Por ejemplo, cuando está uno más sumido en las profundidades de los deseos no alcanzados, rumiando la injusticia de la situación y luchando por comprender la desigualdad de las oportunidades, la vida tiene un modo de disolver, en forma pragmática y contundente todas esas banalidades y se antepone: no nos queda más remedio que enfrentarla, agarrarla por los cuernos, como dicen los taurinos y entonces, por arte de magia desaparecen de la mente las nebulosidades y elucubraciones. Uno no escoge cuándo se presenten las cosas y que todo se acomode a nuestro ánimo y conveniencia; si así fuera, ¡qué chulada!, ¿quién podría quejarse? La realidad se impone y lo baja a uno de las nubes. Se hace lo que se debe hacer en el momento y punto.

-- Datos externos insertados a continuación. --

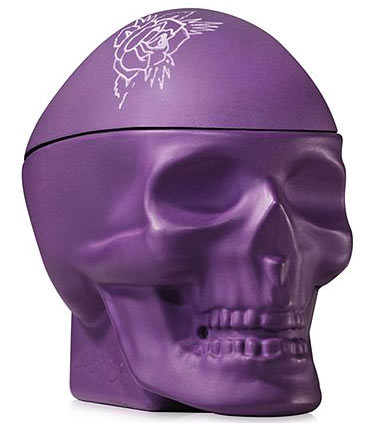 Fragrantica image 2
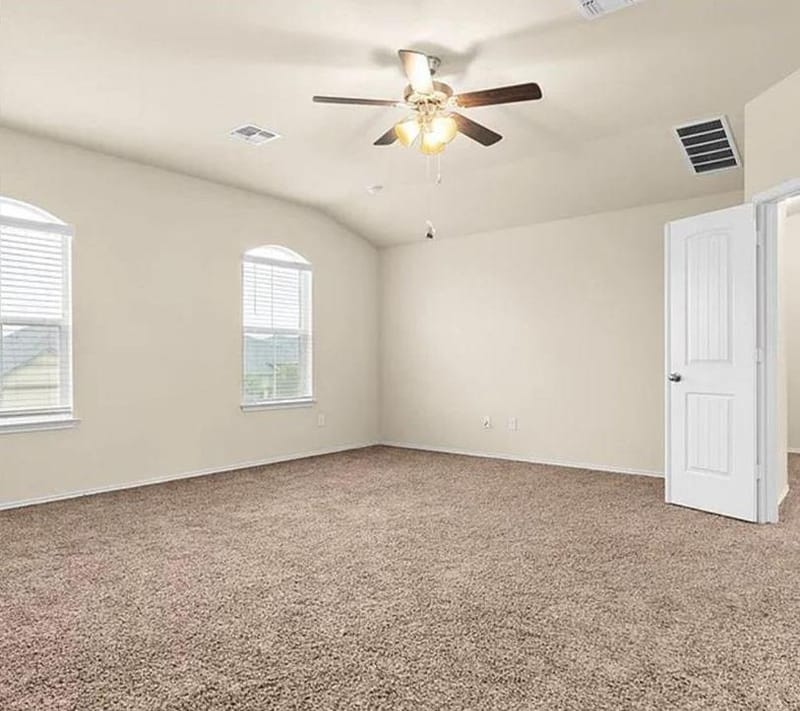 5561 Perditas Drive, Belton TX 76513 - Photo 15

Para ilustrar el párrafo anterior, hay en mi jardín un árbol de duraznos, de ésos amarillos, duros, de hueso pegado. Cada año lo podamos y fertilizamos. Cada año estamos pendientes de cuidar las flores, no se vengan las tolvaneras y las tumben. Ese árbol es importante porque de sus frutos disfruta mucha gente: nuestros amigos y la familia. Este año por andar en las nebulosidades, se nos pasó podarlo. Le salieron muchísimas flores y las tolvaneras no llegaron cuando debían. A consecuencia de estas dos circunstancias, -nuestra negligencia y la fuerza de la naturaleza- le brotaron al árbol tantos duraznos que dos ramas se rompieron y hubo que apuntalarlas con escobas, escaleras y con lo que se pudo. Estábamos ante una situación de emergencia: había que rescatar los frutos, porque las tardías tolvaneras de estos días empezaron a tumbarlos; hacerlos mermelada, prensados, embolsarlos y regalar; no se podían quedar ahí tirados así nomás.
Durante dos semanas de frenético trabajo, hemos envasado y regalado mermelada; hay duraznos prensados secándose por toda la casa y todavía le quedan frutos a nuestro árbol. Hasta que terminemos con esta ardua labor, no habrá tiempo de pensar en “si las cosas que uno quiere se pudieran alcanzar…”.
Así tal vez, pero en circunstancias más apremiantes y por razones de supervivencia real (no la de rescatar la cosecha de un solo árbol de duraznos, por más trabajo que dé) es como millones de mexicanos enfrentan día a día la vida que les toca vivir, sacando adelante el trabajo que está ahí y que no se puede dejar.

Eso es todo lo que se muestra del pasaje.